Koelreuter, who repeats this account in his ‘Historie der Versuche,’ a record of the experiments made between the years 1691 and 1752 on the sexes of plants, ends his narrative with these words: ‘These are, as far as I know, all the attempts which have been made and described since the year 1691 to prove the existence of sexes in plants.’ Koelreuter’s book was written to show that experiment only can determine the question of sexuality in the vegetable kingdom, and that no one beside Camerarius, Bradley, Logan, Miller, and Gleditsch had pursued this method up to 1752.

While these botanists occupied themselves with the question whether there was a distinction of sexes in the vegetable kingdom, we meet with two writers at the beginning of the 18th century who regard sexuality as proved, and who take up the question of the mode in which the pollen brings about the formation of the embryo. Both were adherents of the theory of evolution, bad observers, and not familiar with the literature of the subject. The first is Samuel Morland. In the ‘Philosophical Transactions’ of 1702 and 1703, p. 1474, he names Grew as the man who had observed that the pollen answers to the male semen, but he makes no allusion to Camerarius’ experiments, the only ones which had as yet been made. He himself suggests that the young seeds may be compared to unfertilised ova, while the pollen-dust (farina) contains embryo plants, one of which must find its way into every ovule (ovum) in order to fertilise it.

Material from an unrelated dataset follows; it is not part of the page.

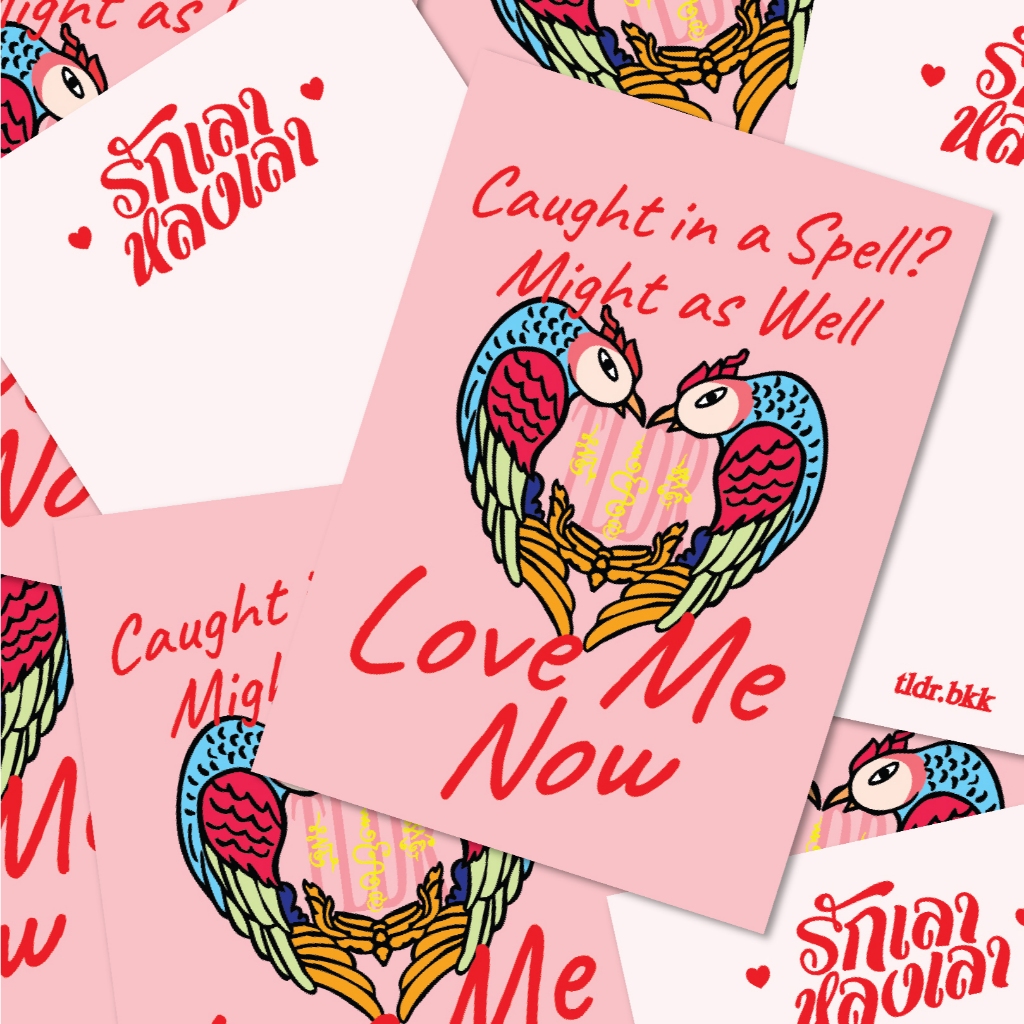 [Valentine] Festival Postcard - โปสการ์ดตามเทศกาล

If so, the style must be a tube through which the embryos pass into the ova. He supposes the pollen in Fritillaria imperialis to be washed by wind and rain from the stigma through the style into the ovary, without reflecting that the movement must be an upward one in the hanging flower. If I could prove, he says, that embryos are never found in unfertilised seeds, this would be a demonstration; but I have never been so fortunate as to settle this point. He does not mention that Camerarius had shown this ten years before; he can only give as the main argument for his conjecture, that in beans the embryo lies near the orifice of the seed-coat (the micropyle), which shows that he was not aware that the two large bodies in the seed of the bean (the cotyledons) belong to the embryo, a fact which his countrymen Grew and Ray had already pointed out. It appears therefore, that Morland supplied no answer to the question how fertilisation takes place; his treatise contains nothing more than the assertion that the embryo is already contained in the pollen-grain, and that it reaches the seed through a hollow style and is there developed, an entirely erroneous and not even an original idea, for it was the offspring of the theory of evolution which was at that time in vogue.